Advocates of τ make a few points, the first typically being the definition of a radian. The radian is a unit of angular measure, defined such that an angle of 1 radian is measured by a circular arc whose length is equal to the radius of the circle.

Based on that definition, there are 2π radians in a complete circle. A Tauist would point out that it looks more natural for there to just be τ radians in a complete circle. In fact, they suggest that τ is not a near-lookalike of π, but actually stands for “turning”.

It’s understandable that these Tauists prefer that τ radians = 360°. This is a common affliction among physicists as well, who create systems of measure that set various physical properties equal to 1. Simple multiplication can be quite an annoyance, after all.

Incidentally, τ already has multiple meanings in physics and engineering, including torque (τ), sheer stress (τ), and the tau (τ) lepton. It has various other meanings elsewhere. Think this doesn’t matter?

Here’s a little imaginary tale.

It involves the imaginary number, $i = \sqrt{-1}$

Despite being imaginary, this number appears quite often in STEM fields. Yes, even in engineering, which usually concerns itself with “real” values.

Except in electrical engineering.

You see, the symbol $i$ was already in use in electrical engineering by the time that complex analysis worked its way into the field. It denotes a time-varying current, as opposed to $I$ which denotes a constant current. (This nomenclature is consistent elsewhere as well: $v$ is time-varying voltage, whereas $V$ is DC.)

So what did we do? We called the imaginary number $j$ instead of $i$.

$F(\omega) = \int f(t) e^{j \omega t} dt$.

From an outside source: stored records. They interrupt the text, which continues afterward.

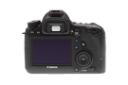 Canon EOS 6D	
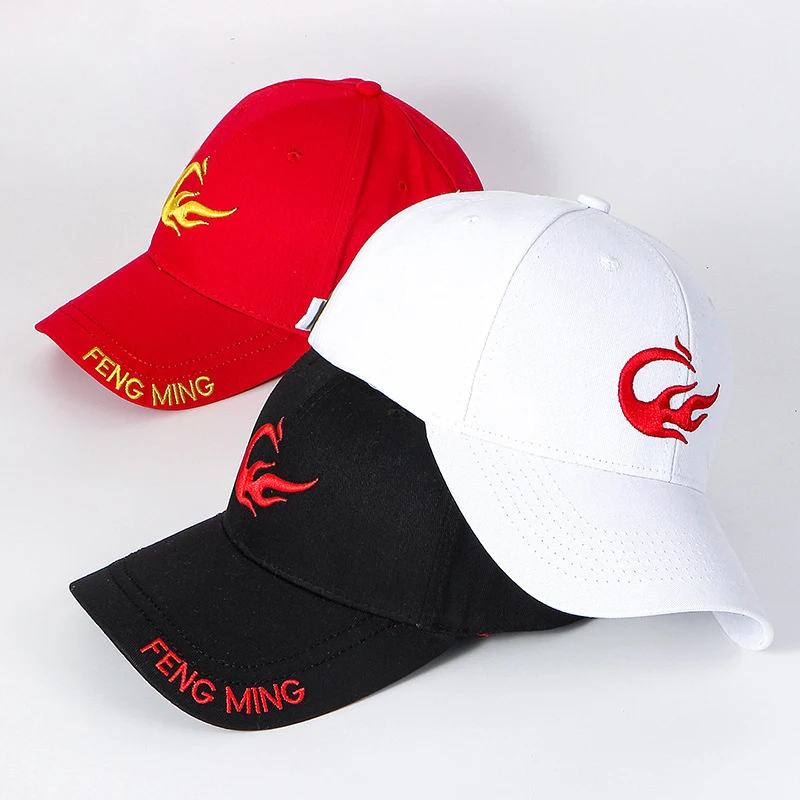 

NEW Korean Baseball Cap Summer Hat Men Women Outdoors Sunscreen Embroidery Caps Couple Fashion Casual Hats бейсболка для мђжин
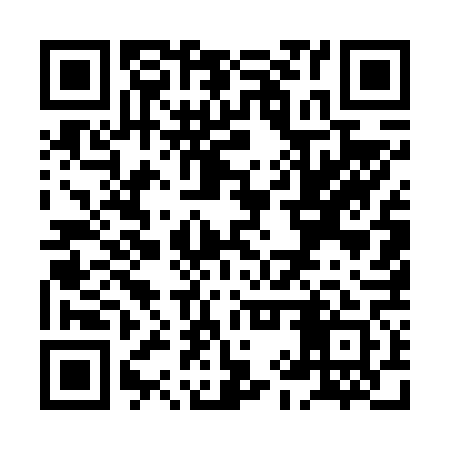 QR code for XIU661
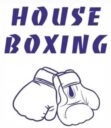 House Boxing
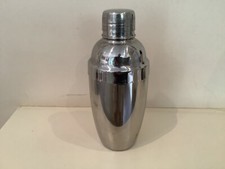 Stainless steel metal for sale  SOLIHULL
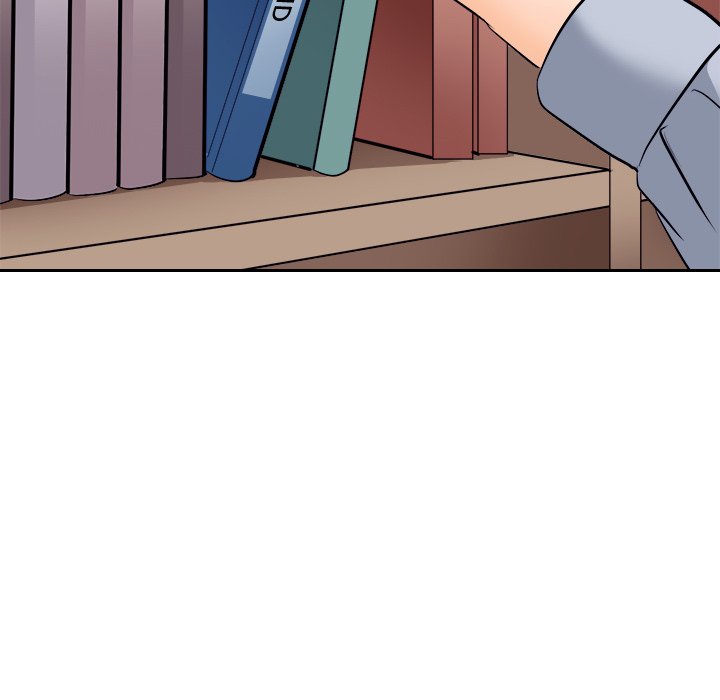 Unfaithful Chapter 12 Page 84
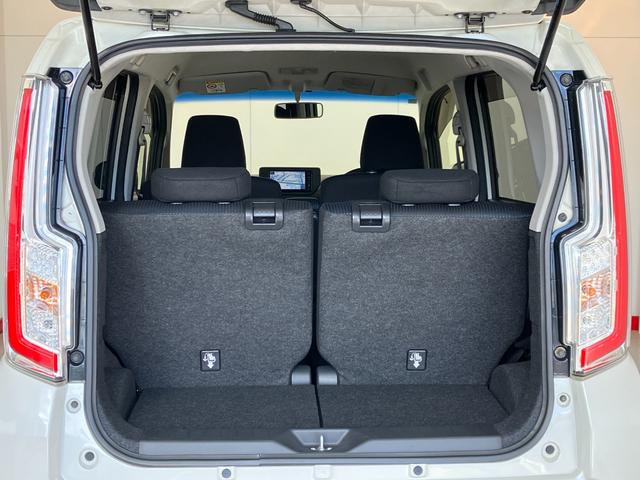 ステラカスタムRS ターボ/社外ナビ/ETC/アルミターボ 社外ナビ 純正ETC Bluetooth接続 LEDヘッドランプ アイドリングストップ 純正15インチアルミホイール 電動格納ミラー スマートキー 取扱説明書 メンテナンスノート(香川県)の中古車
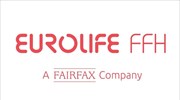 Eurolife FFH: Στο πλευρό των ασφαλισμένων της στην Καρδίτσα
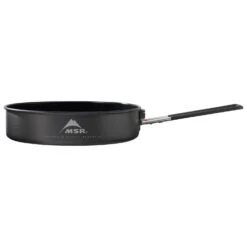 MSR - Ceramic Skillet - Skillet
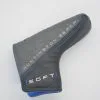GolfRoots Cleveland Huntington Beach Soft Putter Headcover -Men's CLUBS Shop 6823EB9A 07AE 4B3E A4B0 EBE4213706EA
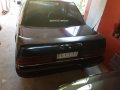 Nissan Bluebird 1992 for sale-2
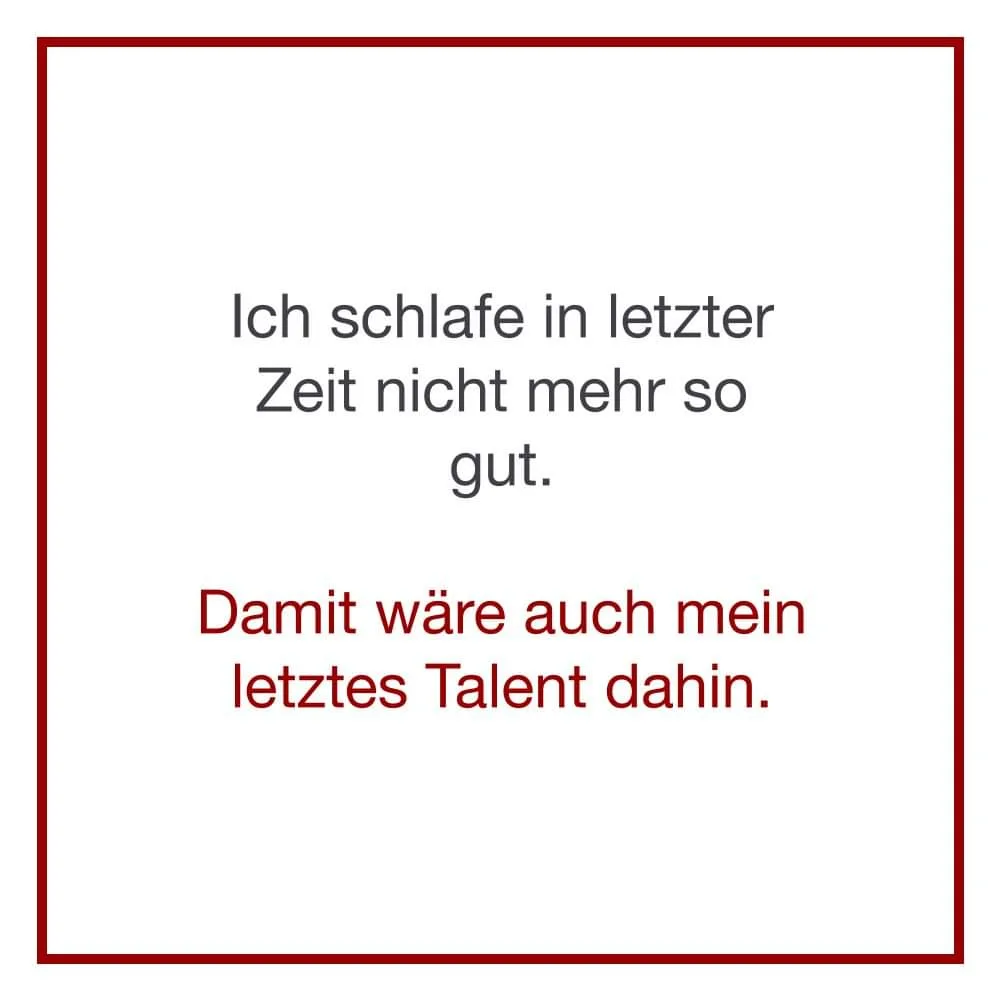 8c00x2eno3aj.webp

It looks funny, and it gives us “imaginary number $j$“, but it lets us keep our time-varying current $i$. If a symbol is already in common use in a field, the field will not change its meaning.

## Far as the Pi Can See

Although τ shows up in a few mathematical equations, π shows up in numerous places in statistics and in engineering, including many places where replacement with τ would introduce an unnatural factor of $\frac{1}{2}$.

Kidding aside, I have nothing against tau. It’s sometimes useful to look at things from a new perspective.

In Carl Sagan’s Contact, the SETI researchers search for alien radio signals at a frequency of $\text{Hydrogen} \times \pi \approx 4.4623 \text{GHz}$. If the aliens had been Tauists, Dr. Arroway would have missed their radio signal.

(On the other hand, the fact that Dr. Arroway later finds interesting structure in the digits of π suggests that God Himself prefers π to τ.)

Why did I bring up Carl Sagan? Maybe my mind is just on billions and billions of pies. Mmmm… pie.

So I’ll close with one of the most famous equations in mathematics: Euler’s Identity. It’s been called the most beautiful equation in mathematics, because it relates five important mathematical constants: e, i, π, 1, and 0.

Marvel in its magnificent mathematical beauty. Happy Pi Day!

$e^{i \pi} + 1 = 0$